As strange as this may sound, try restarting your computer and rerun your model. If the model runs fine the issue is with your GPU memory allocation and tensorflows management of that available memory. On windows 10 i had two terminals open and closing one solved my problem. There could be open threads (zombie) that are still holding memory.



回答5:

In my case it seems that the problem was caused by tensorflow and cudnn version mismatch. The following helped me (I was working on Ubuntu 16.04 with NVidia Tesla K80 on Google Cloud, tensorflow 1.5 finally worked with cudnn 7.0.4 and cuda 9.0):

  1. Remove cuDNN completely:

    sudo rm /usr/local/cuda/include/cudnn.h
    sudo rm /usr/local/cuda/lib64/libcudnn*
    

    After doing so import tensorflow should cause error.
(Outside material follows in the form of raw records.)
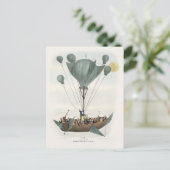 Antique Balloon Air Ship Artwork Postkarte (Stehend Vorderseite)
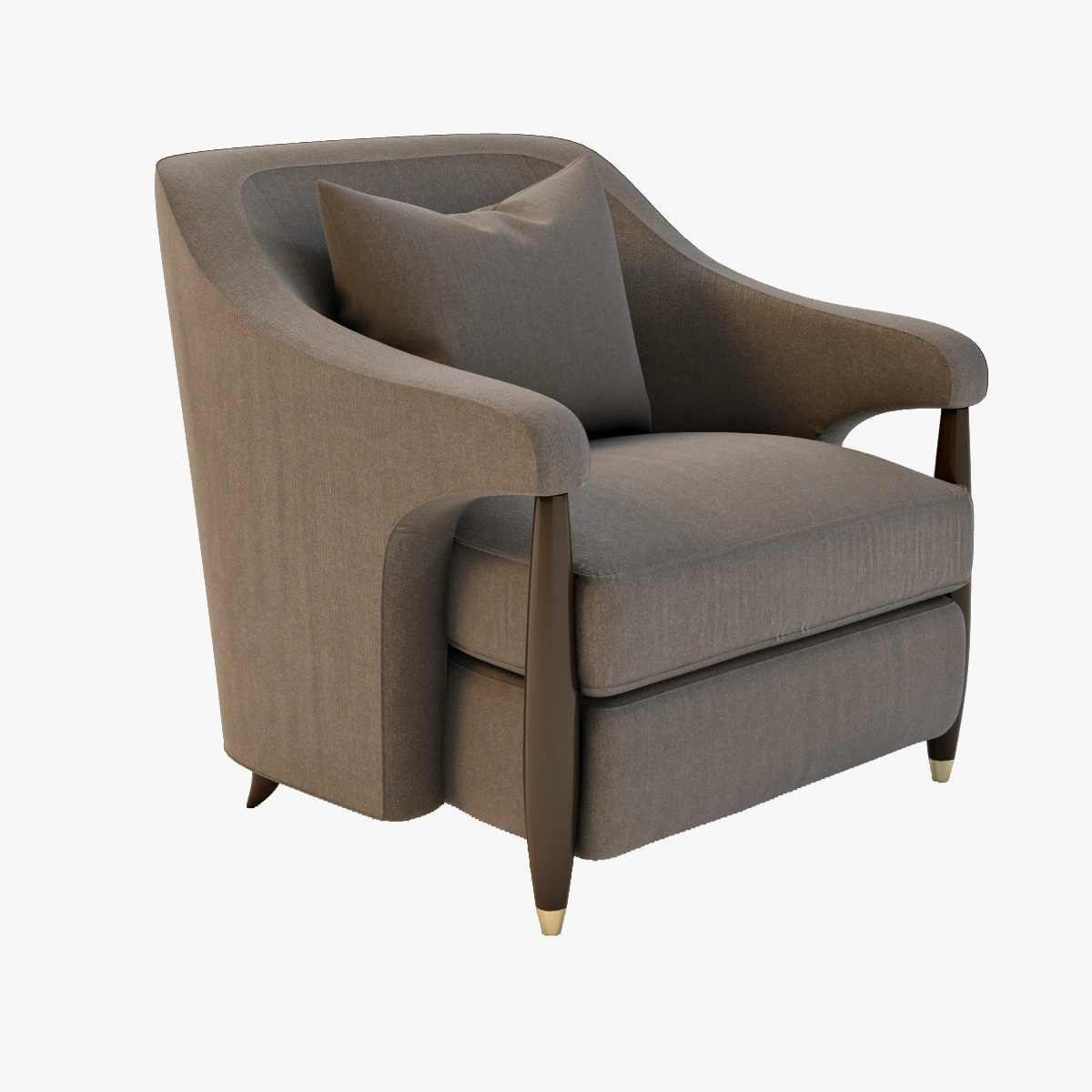 Baker Chair Collection 01 3D Model_07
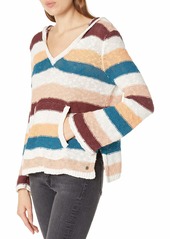 Roxy Women's Hooded Sweater Hang with ME Stripes M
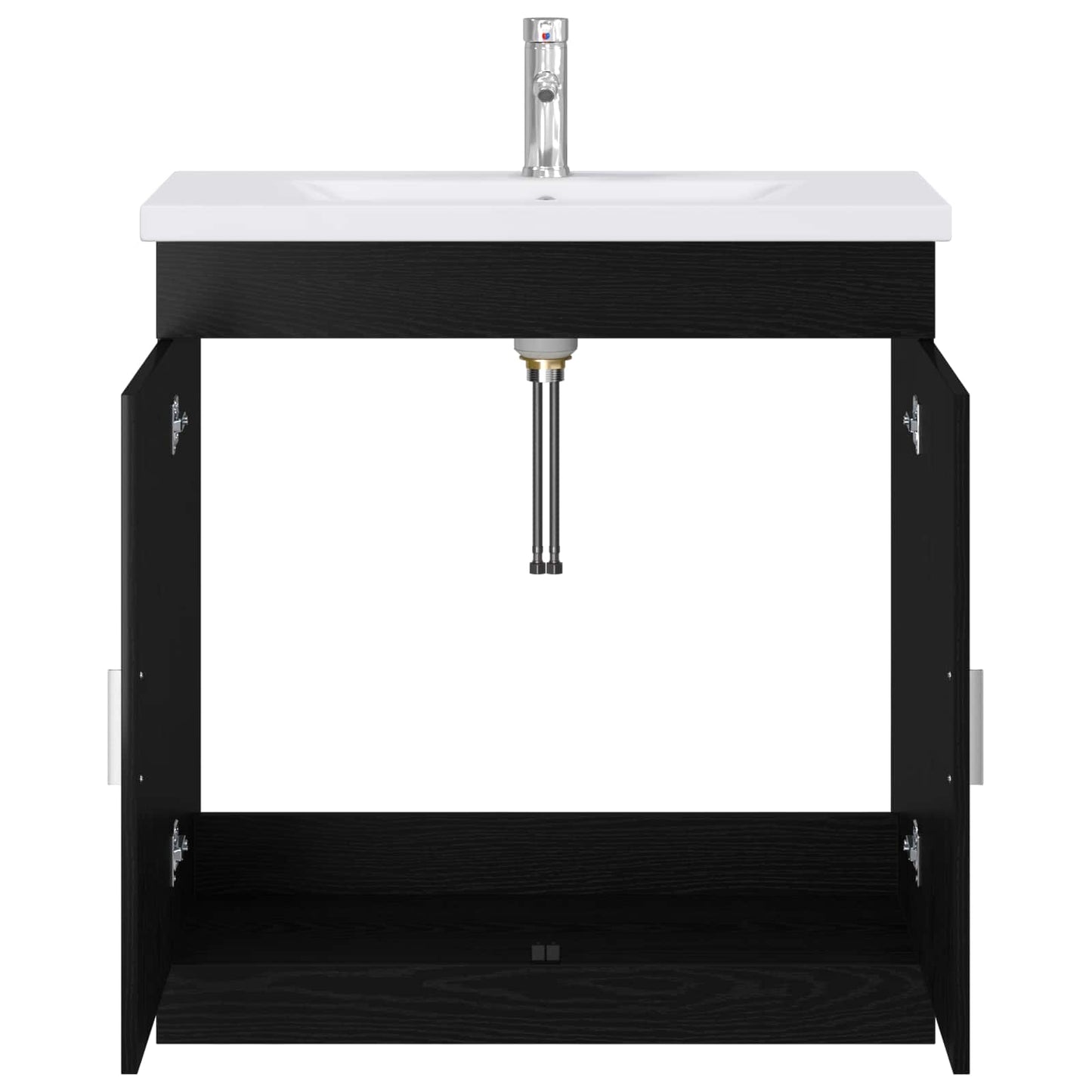 Bathroom Furniture Set Black Oak 81 x 40 x 84.5 cm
  2. Download appropriate cuDNN version. Note that there is cuDNN 7.0.4 for CUDA 9.0 and cuDNN 7.0.4 for CUDA 8.0. You should choose the one corresponding to your CUDA version. Be careful at this step or you'll get similar problem again. Install cuDNN as usual:

    tar -xzvf cudnn-9.0-linux-x64-v7.tgz
    cd cuda
    sudo cp -P include/cudnn.h /usr/include
    sudo cp -P lib64/libcudnn* /usr/lib/x86_64-linux-gnu/
    sudo chmod a+r /usr/lib/x86_64-linux-gnu/libcudnn*
    

    In this example I've installed cuDNN 7.0.x for CUDA 9.0 (x actually doesn't matter). Take care to match your CUDA version.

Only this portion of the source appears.